The Delhi high court may have ordered a fresh power-tariff determination exercise keeping into account last year’s process, which was stalled by Delhi government, but chances of getting a reduced tariff—as last year’s data suggested—is slim because the power regulator has no provision of determining tariff in the back date.
“We have no way of setting this (tariff) in the back date. So we will take into account last year’s petition and calculations, and also the petitions submitted this year and consider the data as a whole,” said PD Sudhakar, chairman, Delhi Electricity Regulatory Commission. “We expect to come out with a tariff by August.”

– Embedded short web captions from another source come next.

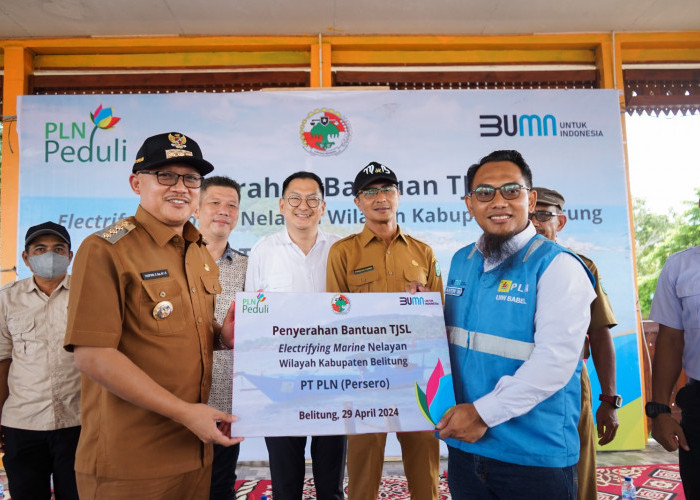 PLN Salurkan Bantuan TJSL Electrifiying Marine Kampung Nelayan Maju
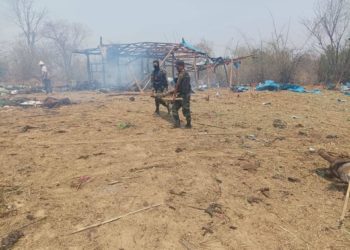 Ascienden a 165 los muertos, entre ellos 19 niños, por un bombardeo en Birmania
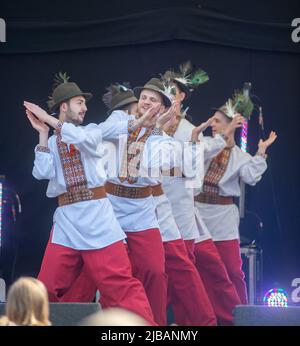 Prolisok Ukrainische Tanzgruppe treten auf der Global Festival Bühne beim Water Fest 2022 in Reading, Abbey Gardens, auf Stockfoto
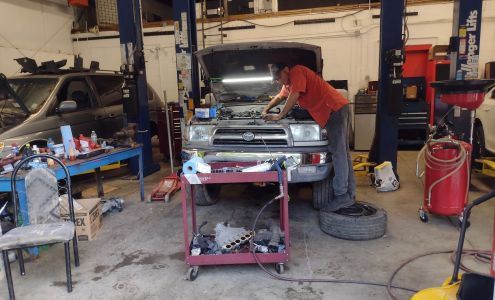 Aguilar Tire Automotive Center Inc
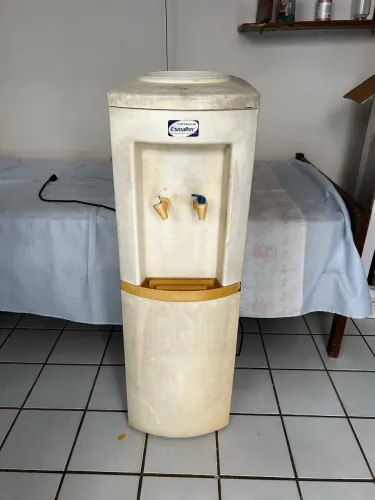 Bebedouro Coluna Gelágua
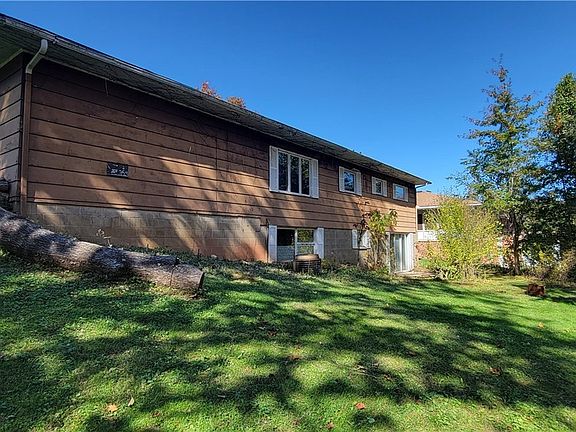3rd image of 105 Marigold Ln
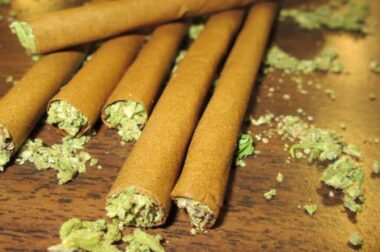 Jak skręcić blanta? Instrukcja krok po kroku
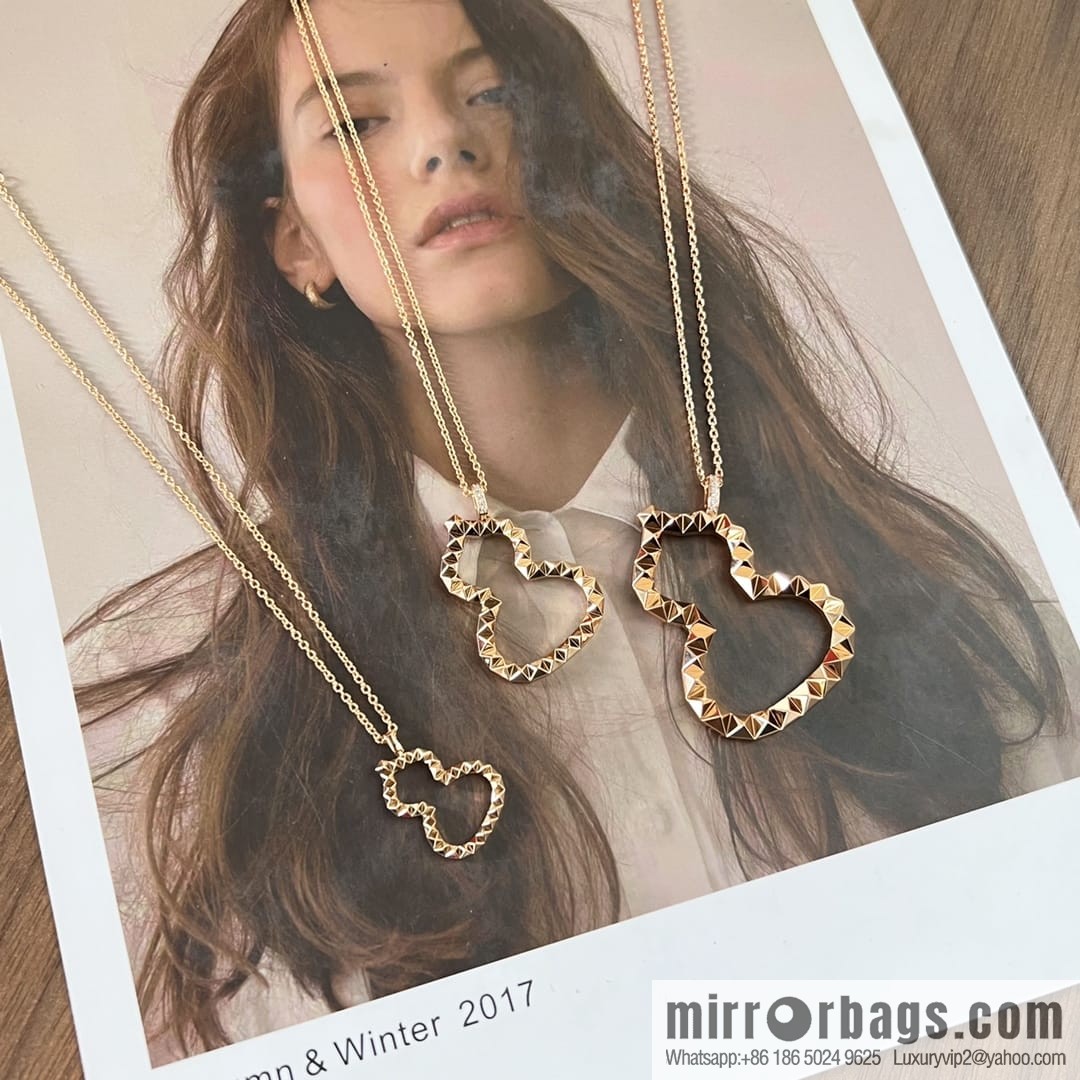 Qeelin 18 rose gold necklace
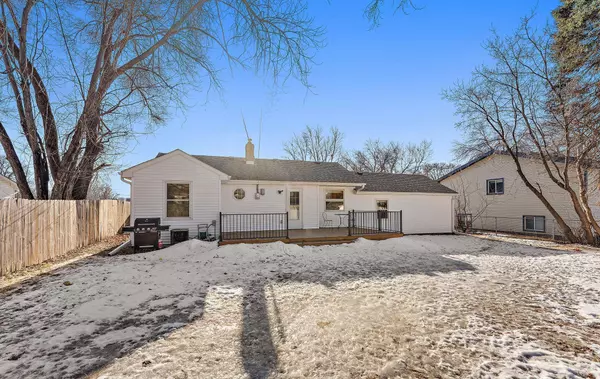 501 Glencoe ST NE, Fridley, MN 55432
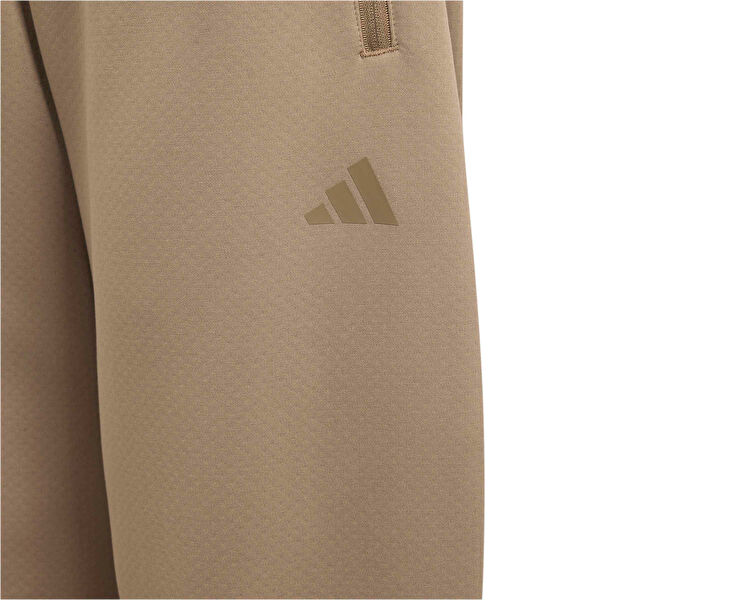 J Z.N.E. PANT
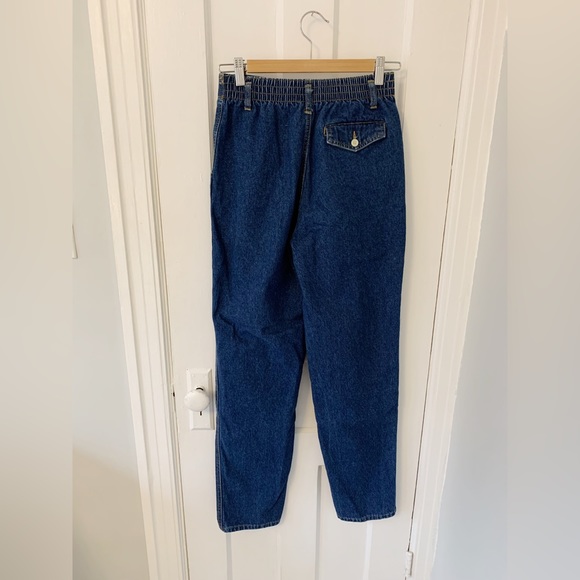 💙SOLD💙Eddie Bauer High Waisted Vintage Denim Pleated Jeans - Picture 4 of 8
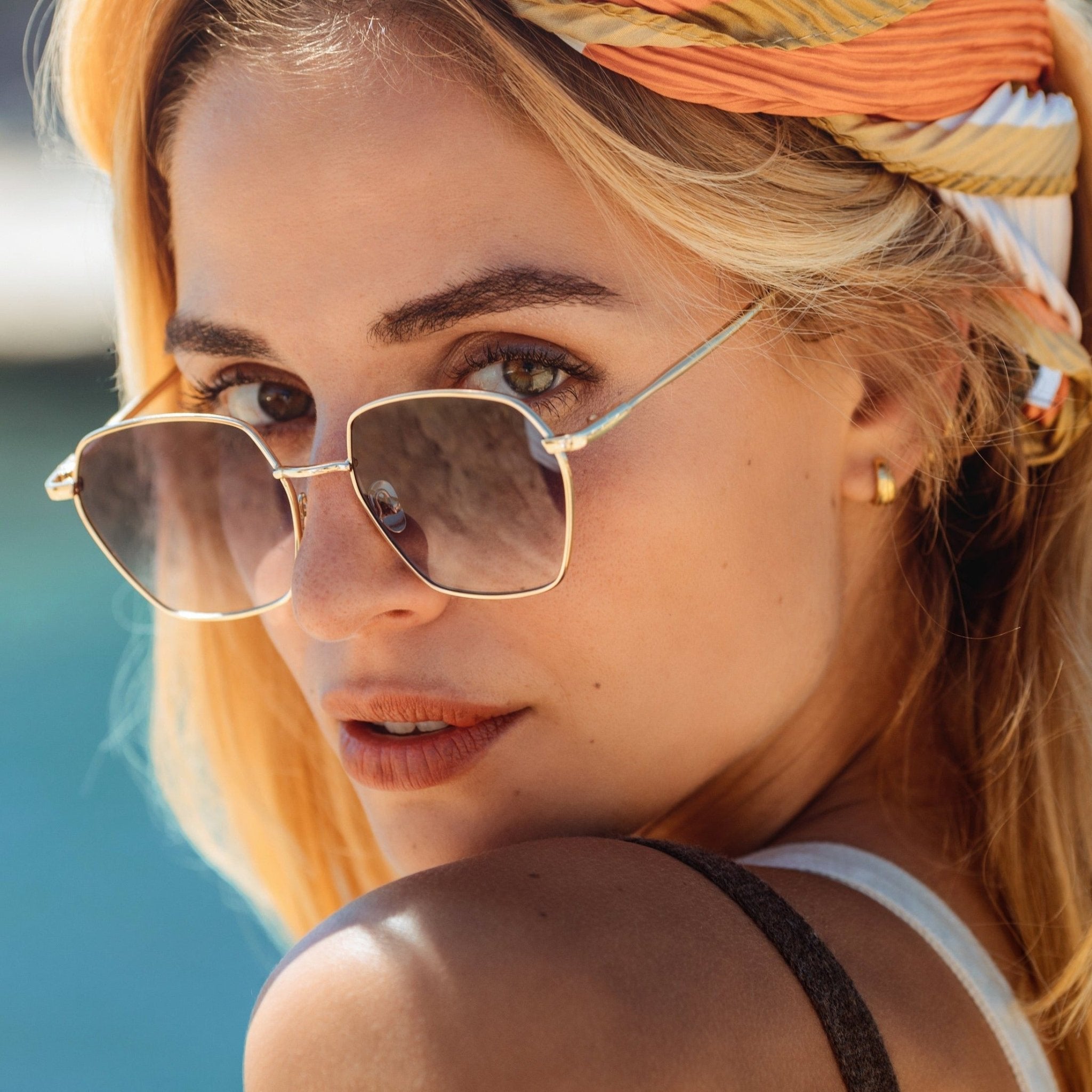 Gafas de sol Love.Q Doradas - Unisex - Le Petit Lunetier - The Bradery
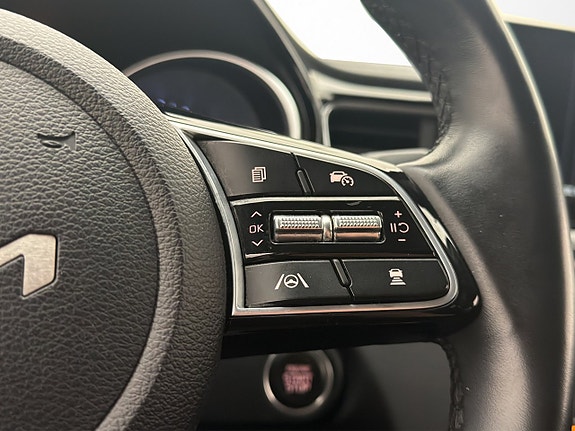 Kia Ceed 18 of 30
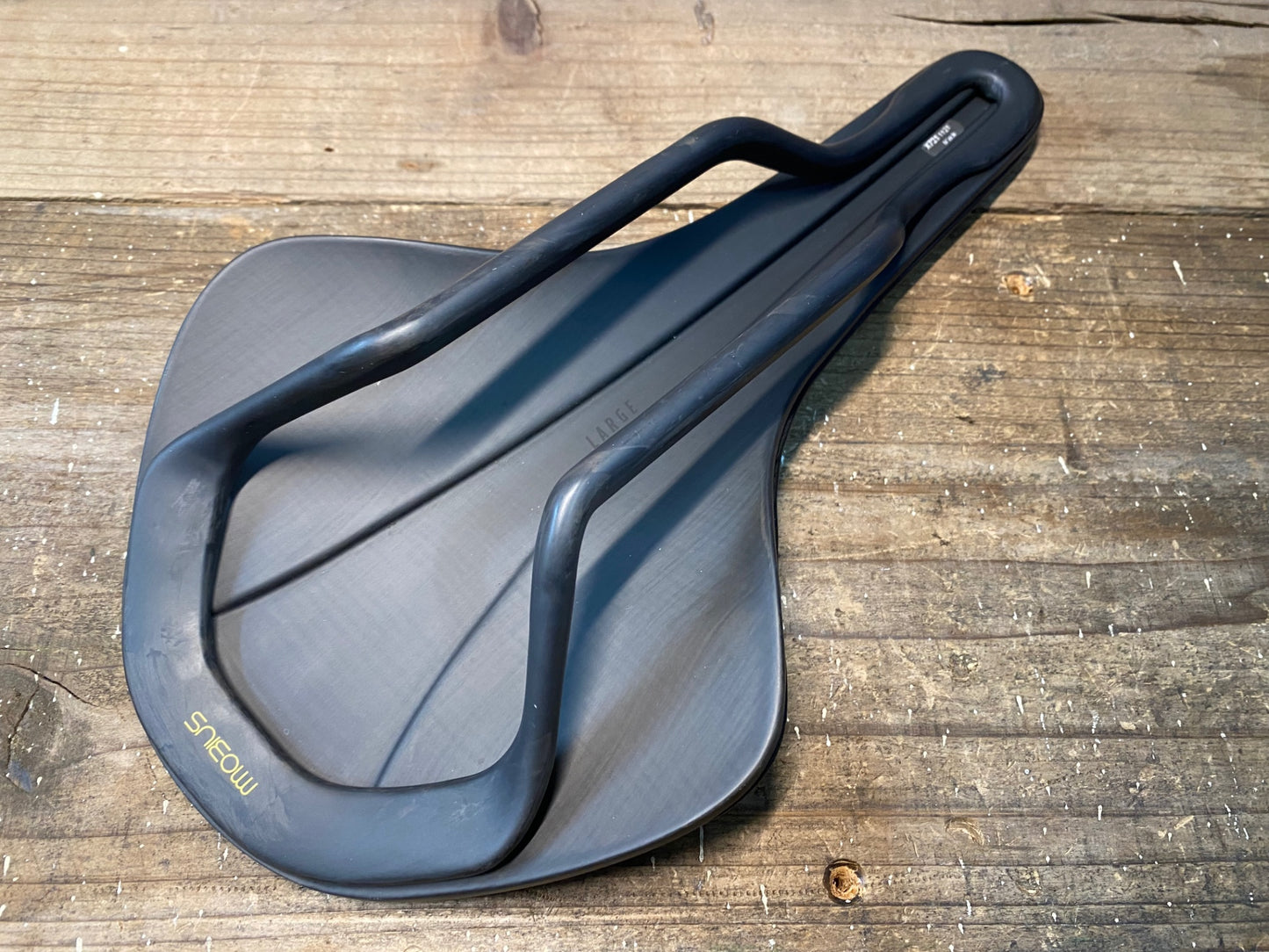 IQ551 フィジーク fizik アンタレス ANTARES VERSUS EVO 00 カーボンサドル Large 黒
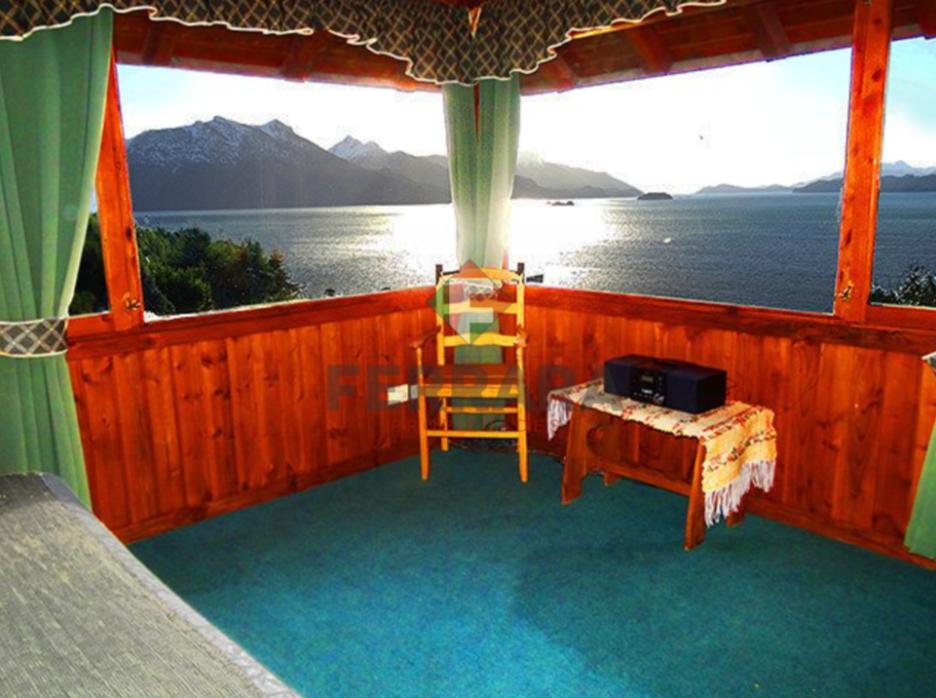 Foto de VENTA DE HERMOSO COMPLEJO DE CABAÑAS CON VISTA AL LAGO, imagen 2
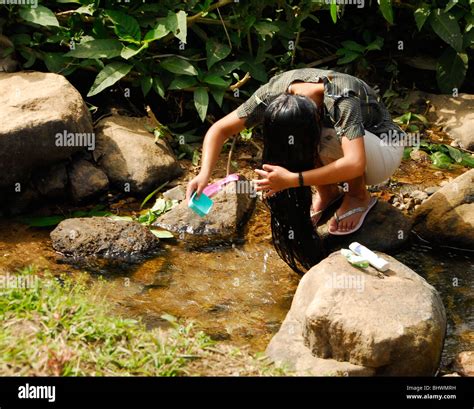 Karen Girl Washing Her Hair Umpium Refugee Campthai Burmese Border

For consumers, this could mean that the glimmer of hope of getting last year’s stalled tariff order passed for a reduced tariff as good as a naught. According to the DERC then, the discoms were sitting on a cash surplus of R3,500 crore.
Former chairman Berjinder Singh had written in a note that if this amount was passed, it would result in a “substantial reduction in tariff”.
This was arrived at after verification and tabulation of the data and factoring in the mandatory public hearing/objections last year. The dispute over tariff was regarding the true-up (approving expenditure of discoms and factoring that in tariff) of the expenses incurred in 2008-09 and setting a tariff for 2010-11.
But the expenditure data furnished by the discoms for the subsequent years (2009-10; whose verification is being carried out now) claims huge losses on account of rising power purchase cost leading to a revenue gap that runs in thousands of crores of rupees. In their true-up petitions this year they have between 60% and 189% hike in tariff.
The note from Singh also said: “The true up for 2009-10, if done without passing the order for true up of 2008-09 and tariff order for 2010-11, may result in some increase in the existing tariff which would be most unfair to consumers when, in fact, there should be a substantial reduction.”
Civil society members, who appoint chartered accountants to decode the true up petitions and file blow-by-blow objections to the demand for tariff increase by discoms, say this would an “unfair and illegal” development.
“How can they consider the expense data of two-to-three years in a clubbed manner to come up with a tariff without giving consumers the benefit that they deserve?” said Anil Sood, member of the DERC’s State Advisory Committee. “We shall raise this matter in the SAC meeting.”